From the data that follows, set down exactly the lines from the one with "Hotel Manohra Cozy Resort" through the one with "Подлокотник для Hyundai", counting both. Pictures stay out.

> **Extracted information**
<<<<
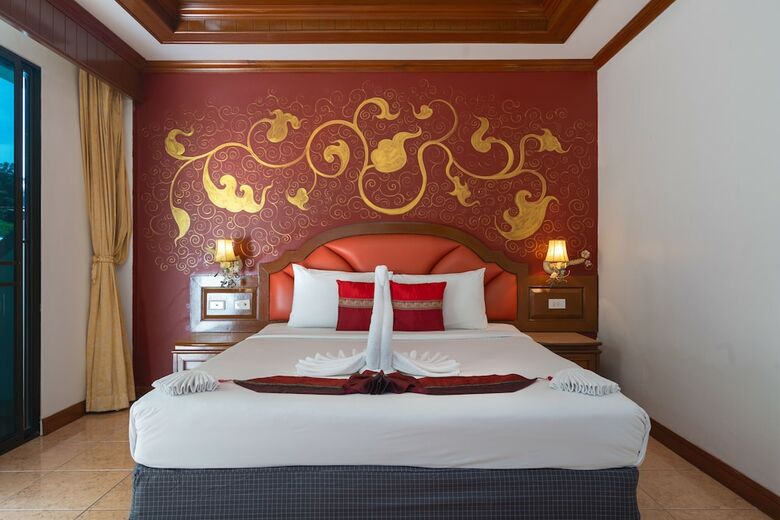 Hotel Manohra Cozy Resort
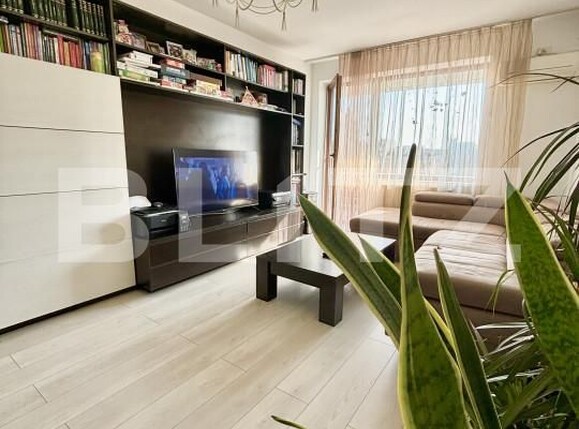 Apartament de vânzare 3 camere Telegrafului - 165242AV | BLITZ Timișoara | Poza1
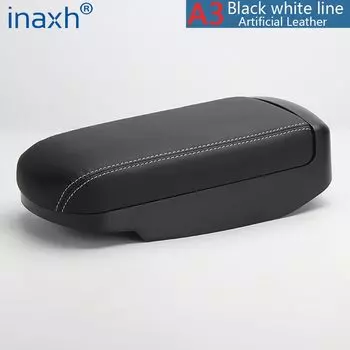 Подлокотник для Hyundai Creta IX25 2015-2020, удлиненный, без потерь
>>>>
<<<<
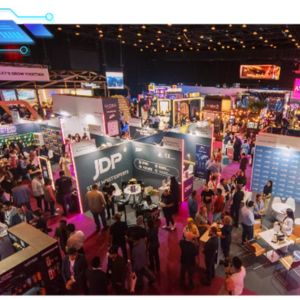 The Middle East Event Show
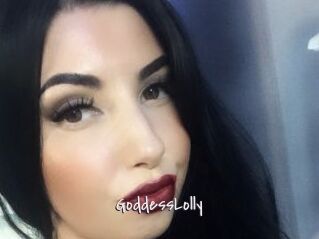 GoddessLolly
>>>>
<<<<
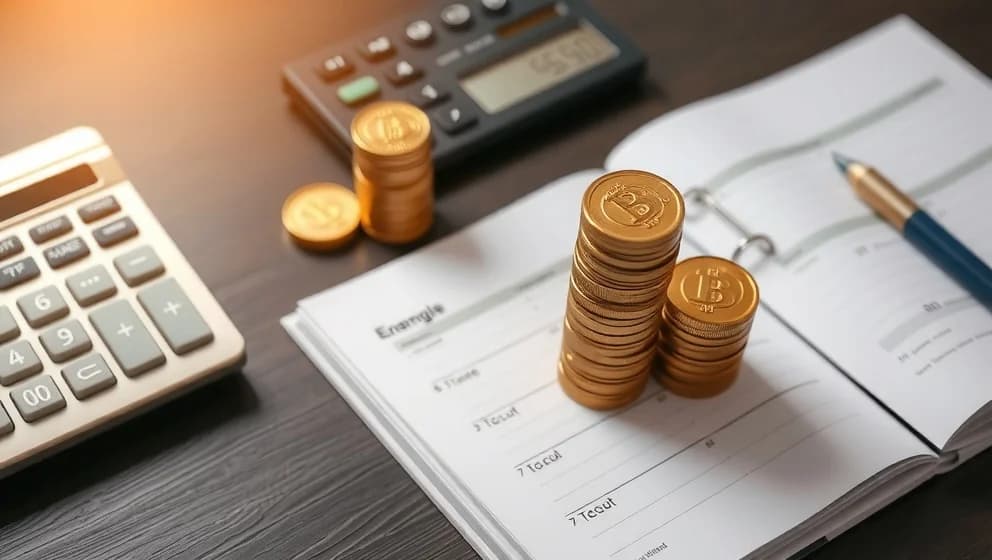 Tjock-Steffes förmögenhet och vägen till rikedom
>>>>
> **Answer below**
 Hotel Manohra Cozy Resort
 Apartament de vânzare 3 camere Telegrafului - 165242AV | BLITZ Timișoara | Poza1
 Подлокотник для Hyundai Creta IX25 2015-2020, удлиненный, без потерь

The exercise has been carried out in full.